About this task: Transcribe everything in the listing as written, and let no image into the copy.

Data excerpt:
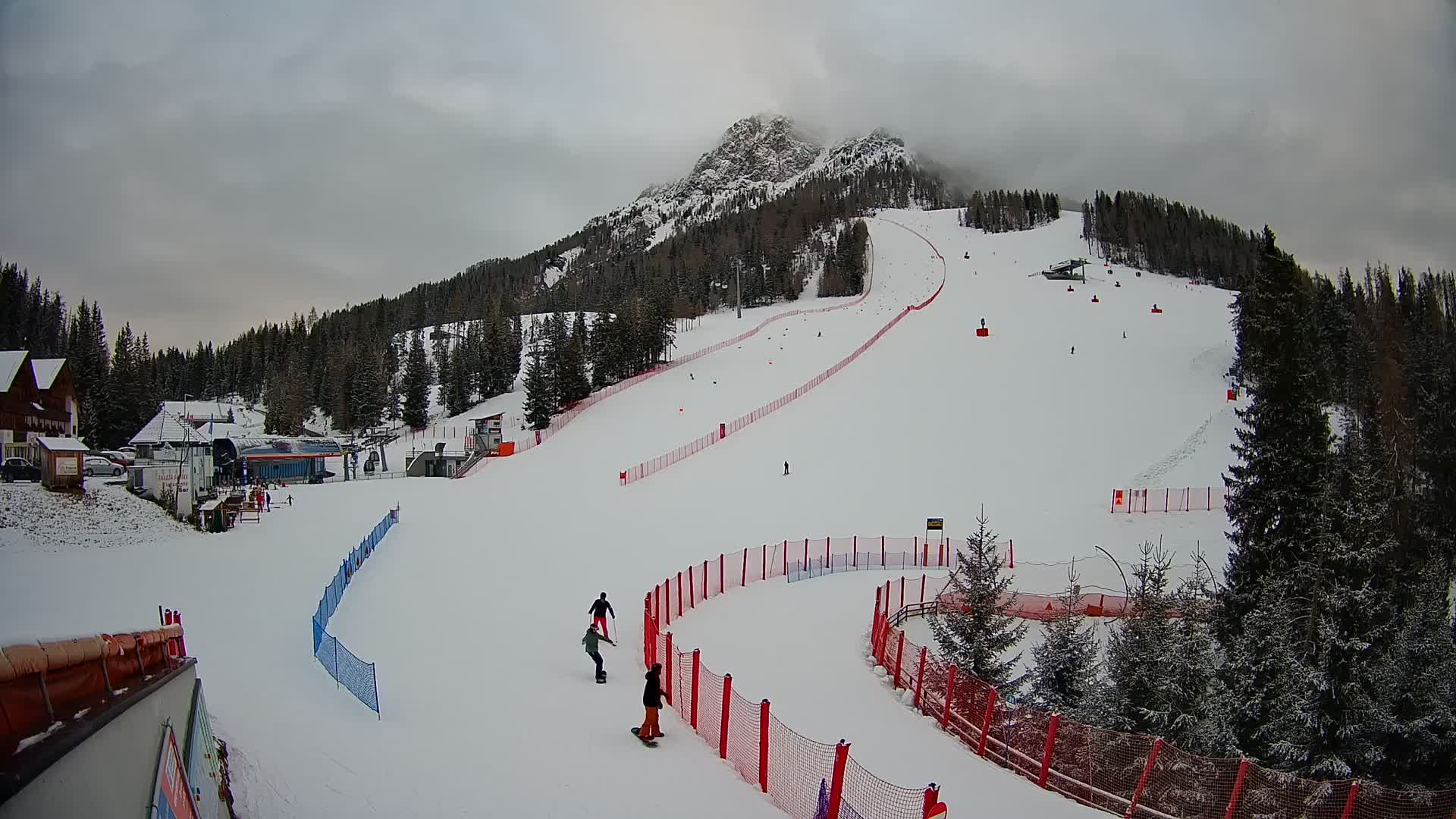 Pre da Peres – Ski resort Kronplatz – Furkelpass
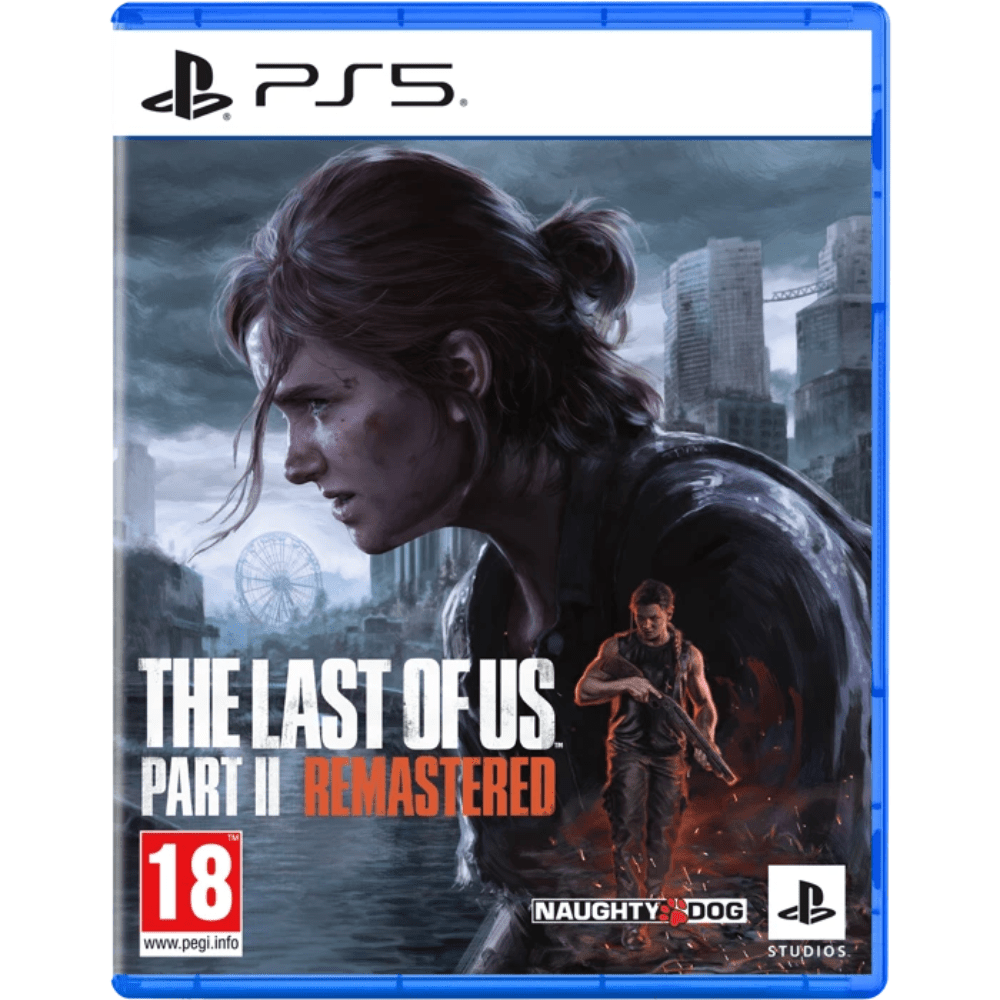 משחק The Last of Us Part II Remastered לקונסולת Sony PS5 - K.B.V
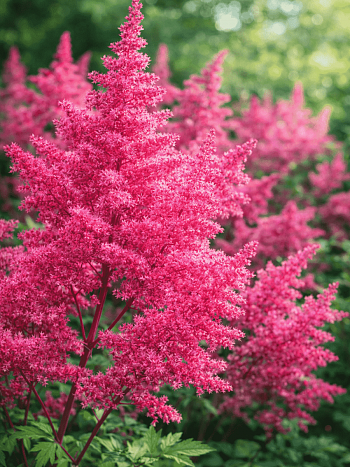 Астильба японская Vesuvius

Answer to the exercise:
 Pre da Peres – Ski resort Kronplatz – Furkelpass
 משחק The Last of Us Part II Remastered לקונסולת Sony PS5 - K.B.V
 Астильба японская Vesuvius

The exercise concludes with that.